Diuli de Castilhos, 27, nasceu em Jaquirana (RS) e vive em São Paulo, onde estuda Letras na FFLCH. É poeta, proletária e provável vizinha pelada. Flanêuse wannabe, tem diploma de maître, scrum master, mediação de leitura no metaverso e modelo vivo. Sua seleção de poemas pequenas brutalidades ganhou o 30º Prêmio Nascente da USP e seu livro Kitnet de vidro está em pré-venda. Gosta de ler no ônibus, nomear playlists e garimpar bibelôs em bazar beneficente. Aceita pix.
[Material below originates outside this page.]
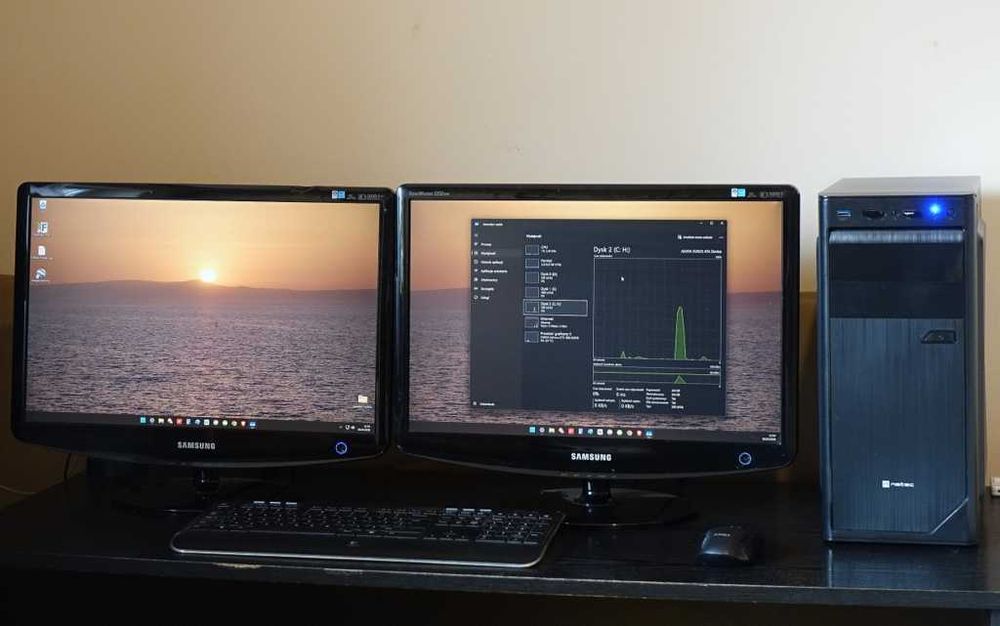 zestaw PC GTX1660 OC ram 24GB i7 2600K Fera 5 Dual 2x monitory/kable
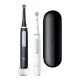 Oral-B iO Series 4 Duo Matt Black & White, Επαναφορτιζόμενες Ηλεκτρικές Οδοντόβουρτσες, με 4 Έξυπνα Προγράμματα 2 Τεμάχια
drummond foi o maior poeta da depressão, além de tudo

se cada vez que eu lesse uma mulher como Berlin
soubesse o que fazer com a voz como você,
não precisaria enfeitar a porta da geladeira
com um xerox chinfrim de ana c.

não assimilei a mais-valia relativa dos atalhos.
a vida se abre a cada passo rolando pedra
duvidando do apocalipse em cada virar de esquina.
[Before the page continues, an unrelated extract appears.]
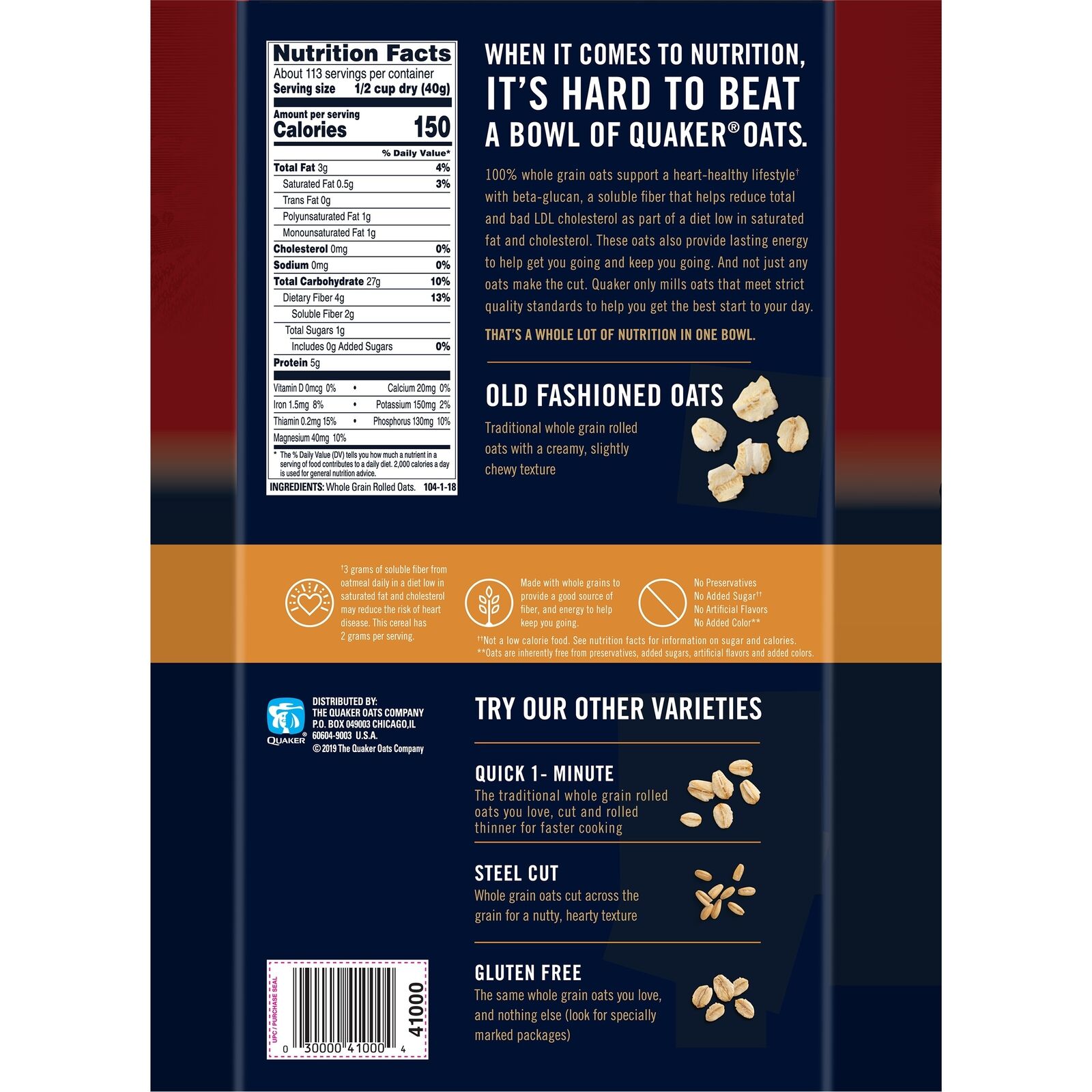 Great Value 100% Whole Grain Old Fashioned Oats, 42 oz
na bicicleta uma garota muito lista ereta sentada no ferro
— as pernas tão finas quanto ele.
duas facas por cinco, uma dor sem origem.
preciso de um esforço muito grande pra escrever.
você deve achar isso uma besteira —
precisar de uma certa ponta de caneta,
um ponto certo de resistência da tecla ao toque.

a tentação do trilho do trem é invisível ao estado:
saber que não há um braço que se atreva a ajudar.
anterior à linha amarela, engulo o minuto, não travo tráfego.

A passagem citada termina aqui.